Come già Nico Muhly, superstar dell’arrangiamento orchestrale, e Jonny Greenwood, eclettico chitarrista dei Radiohead, anche l’ex-Sigur Rós Kjartan Sveinsson perviene all’universo classico in seguito al successo nella scena indie-rock internazionale, tentando di porsi nel solco dei suoi illustri connazionali Ólafur Arnalds e Jóhann Jóhannsson con un’opera che, almeno sulla carta, vuole affermare orgogliosamente le identità artistiche dell’Islanda moderna.
“Der Klang der Offenbarung des Göttlichen” (traducibile come “Il suono della rivelazione divina”) è infatti uno spettacolo teatrale nato dalla collaborazione con il noto performer Ragnar Kjartansson, e ispirato al romanzo “World Light” di Halldór Laxness, premio Nobel per la letteratura nel 1955. La presente meta-rappresentazione rende omaggio alla “macchina” che da dietro le quinte coordina ogni elemento per far sì che tutto si svolga come da copione; Kjartansson ha dunque progettato una serie di scenari spogli, senza attori in scena, lasciando che fosse la musica a veicolare tutto ciò che il proscenio volutamente omette.
I quattro movimenti composti da Sveinsson, di fatto all’esordio solista, sono inequivocabilmente opera di un umile discepolo che non cela il suo debito verso le poetiche fondanti della musica sacra contemporanea. Dal primo istante, nel lamentoso crescendo dell’orchestra d’archi su basso continuo, tutto riconduce al “Lento” che con solennità inaugura la Terza sinfonia di Górecki (quest’anno già riletta integralmente da Colin Stetson); nelle due parti successive, invece, si elevano le voci di un coro in lingua tedesca che unisce il rigore del “Kanon Pokajanen” di Pärt alle visioni celestiali del giovane Eric Whitacre. Il quarto e ultimo atto rimarca l’impronta emozionale del “Cantabile-semplice” góreckiano, l’estrema consolazione offerta a un figlio per sempre diviso dalla madre nel secondo conflitto mondiale.

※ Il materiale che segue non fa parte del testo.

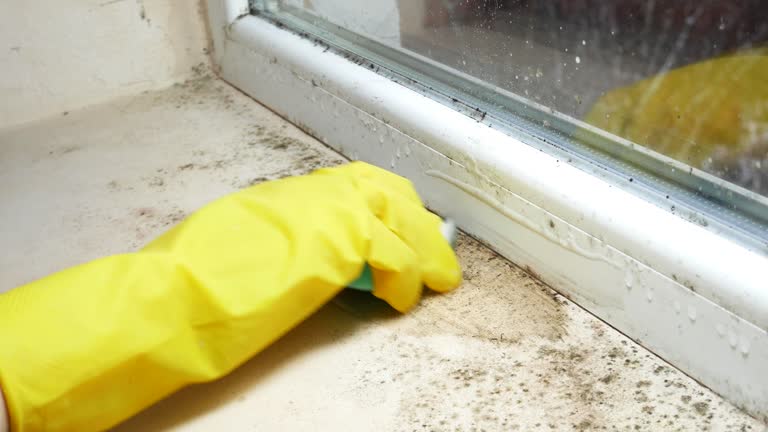 Trusted Eleele, HI Mold Removal Experts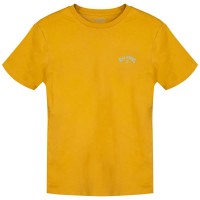 тениска,мъжки,тениски,дамски,тениски,billabong,arch,wave,short,sleeve,t,shirt,yellow,(honey)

La scrittura orchestrale del giovane compositore non soltanto conserva il tratto essenziale dei maestri, ma punta con ancor maggior intensità sui climax strumentali e canori, dando forma a una sequenza narrativa lineare e dal lirismo debordante. Nell’operato di Kjartansson come in quello di Sveinsson pare non esserci alcun significato nascosto: “Der Klang” è un’imponente celebrazione dell’arte musical-teatrale in sé, che rifugge qualunque espediente prettamente spettacolare per perdersi nella magia misteriosa di una scena “nuda”, simulacro stilizzato che attraverso il meccanismo illusorio innesca l’immedesimazione e diviene immagine viva.

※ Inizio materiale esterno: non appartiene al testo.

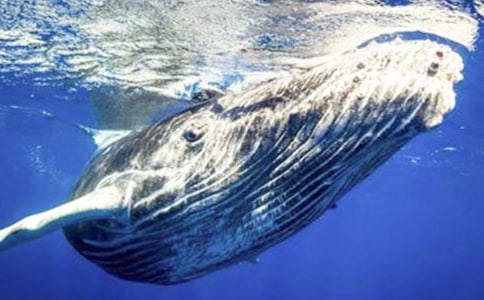 大班美术鲸鱼教案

Al di fuori del suo contesto, comunque, la partitura di Sveinsson continua a emanare una luce pura e soverchiante: bellezza spontanea che, come è nello stile islandese, va a toccare i sentimenti primari di ogni essere umano, e che alimenta ulteriormente le speranze per un’eredità corale futura, benché ancora in cerca di una voce autenticamente propria.